Class 3
CS 202
12 Sep 2023

1. Last Class
2. Stack frames continued
3. Syscall
4. Process/OS control transfer
5. Shell

1. Last class
   - Processes: what? why?
   - Process view of memory and registers
   - Some basic assembly
   - Stack frames

2. Stack frames continued
        - Finally, note that the epilogue for f (starting on line 49)
        does the reverse of the prologue, thus restoring the stack to
        how it was before.


                            |
                            |
                            |
	   +------------+   |
	   | ret %rip   |   /
	   +============+
    %rbp-> | saved %rbp |   \
	   +------------+   |
	   |            |   |
	   |   local    |   \
	   | variables, |    >- current function's stack frame
	   |  call-     |   /
	   | preserved  |  / 
	   |   regs,    | |
	   | etc.       |/
    %rsp-> +------------+   

    /* here's a different example, not the one we worked in class */

    main():

        # set up frame pointer (aka "base pointer")
        pushq %rbp
        movq  %rsp, %rbp

        # push any call-clobbered register that we will need onto the
        # stack, for example:
        pushq %rcx
        pushq %r8
        pushq %r9

        call f
        
        # restore call-clobbered registers that we saved. In the above
        # example, it would be:
        popq %r9
        popq %r8
        popq %rcx

        # epilogue: restore call-preserved registers
	movq %rbp, %rsp
	popq %rbp 
	ret


    f():

        # set up frame pointer (aka "base pointer")
        pushq %rbp
        movq  %rsp, %rbp

        ...


    --what happens to a function's state, that is, the registers,
    when a function is called? they might need to be saved, or not.

    --purely a matter of convention in the compiler, **not** hardware
    architecture

    Unix calling conventions:

        --on x86-64, *arguments* are passed through registers: %rdi, %rsi, %rdx,
        %rcx, %r8, %r9
        (more than six? then spill to stack). And the *return value* is
        passed from callee to caller in %rax.

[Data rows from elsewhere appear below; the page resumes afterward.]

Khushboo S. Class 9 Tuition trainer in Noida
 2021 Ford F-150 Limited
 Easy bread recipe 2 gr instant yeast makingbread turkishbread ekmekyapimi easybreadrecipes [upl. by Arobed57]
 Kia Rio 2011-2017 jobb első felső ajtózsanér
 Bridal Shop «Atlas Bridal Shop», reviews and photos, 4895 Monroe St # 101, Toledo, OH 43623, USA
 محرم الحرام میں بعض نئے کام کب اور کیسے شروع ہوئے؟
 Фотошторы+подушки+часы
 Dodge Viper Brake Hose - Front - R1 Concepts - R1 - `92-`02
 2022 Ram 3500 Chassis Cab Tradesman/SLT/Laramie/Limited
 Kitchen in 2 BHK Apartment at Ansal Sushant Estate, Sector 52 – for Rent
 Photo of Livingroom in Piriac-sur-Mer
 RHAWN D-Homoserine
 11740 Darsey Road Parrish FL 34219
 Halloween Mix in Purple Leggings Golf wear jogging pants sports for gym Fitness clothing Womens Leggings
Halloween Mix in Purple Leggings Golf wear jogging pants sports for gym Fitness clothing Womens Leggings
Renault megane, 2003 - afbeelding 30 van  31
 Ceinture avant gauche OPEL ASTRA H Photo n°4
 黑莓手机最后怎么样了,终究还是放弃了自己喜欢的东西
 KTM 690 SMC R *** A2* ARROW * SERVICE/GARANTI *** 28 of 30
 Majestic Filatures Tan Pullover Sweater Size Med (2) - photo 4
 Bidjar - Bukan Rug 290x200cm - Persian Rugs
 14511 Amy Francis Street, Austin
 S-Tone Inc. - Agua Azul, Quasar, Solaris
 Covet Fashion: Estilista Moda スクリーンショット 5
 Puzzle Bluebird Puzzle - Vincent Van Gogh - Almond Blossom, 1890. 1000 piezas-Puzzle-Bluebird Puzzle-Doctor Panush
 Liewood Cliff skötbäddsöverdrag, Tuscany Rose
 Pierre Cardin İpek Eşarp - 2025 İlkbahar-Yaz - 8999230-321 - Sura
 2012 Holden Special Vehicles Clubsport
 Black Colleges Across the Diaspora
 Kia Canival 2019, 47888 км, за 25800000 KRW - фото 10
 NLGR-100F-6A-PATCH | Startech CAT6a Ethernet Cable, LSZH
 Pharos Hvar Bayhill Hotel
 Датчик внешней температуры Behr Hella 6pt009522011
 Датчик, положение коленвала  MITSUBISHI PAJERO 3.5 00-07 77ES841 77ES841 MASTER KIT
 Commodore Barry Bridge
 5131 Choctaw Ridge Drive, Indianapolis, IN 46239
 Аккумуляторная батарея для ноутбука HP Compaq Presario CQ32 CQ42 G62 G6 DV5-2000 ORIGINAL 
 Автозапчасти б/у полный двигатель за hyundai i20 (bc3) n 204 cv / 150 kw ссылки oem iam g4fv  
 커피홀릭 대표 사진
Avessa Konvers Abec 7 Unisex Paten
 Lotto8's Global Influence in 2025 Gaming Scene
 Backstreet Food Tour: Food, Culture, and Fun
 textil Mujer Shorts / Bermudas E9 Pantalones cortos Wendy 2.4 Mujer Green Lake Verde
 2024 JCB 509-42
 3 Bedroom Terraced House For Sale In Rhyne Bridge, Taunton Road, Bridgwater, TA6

    // the points here are:

    -  Calling a function requires agreement between caller and callee
    about how arguments are passed, and which of them is responsible for
    saving and restoring registers.

    - In an executing program, the stack is partitioned into a set of
    stack frames, one for each function. The stack frame for the current
    function starts at the base pointer and extends down to the stack
    pointer. 
    
        ** Stack frames are how functional scope in languages like C are
        actually implemented -- allowing each function invocation to
        refer to different variables with the same name.  In other
        words, the programmer thinks they are writing a function with
        local variables; compiler has arranged to implement that with
        stack frames.

    - de-mystifying pointers: a pointer (like "int* foo") is an
    address. that's it. repeat: a pointer is an address. that
    address can be:
        - on the stack
        - on the heap
        - in the text section of the program

    - because of how stack frames work, it's unequivocally a bug
    to pass a pointer from a prior stack frame.

3. System calls

    - System calls are the process's main interface to the operating
    system 
        
        The set of system calls is the API exposed by the kernel to user
        programs

        In other words, **syscalls are the mechanism by which user-level
        programs ask the operating system to do things for them.**

    - To the C programmer, a system call looks exactly like a function
    call: you just issue the function, get a return value, and keep
    going.

        - here are some example system calls:

	        int fd = open(const char* path, int flags)
	        write(fd, const void *, size_t)
	        read(fd, void *, size_t)

	    (Aside: fd is a *file descriptor*. This is an abstraction,
	    provided by the operating system, that represents an open
	    file. We'll come back to this later in the course.)

        - lots more:

            - you will work with a few system calls in lab2: stat(), readdir().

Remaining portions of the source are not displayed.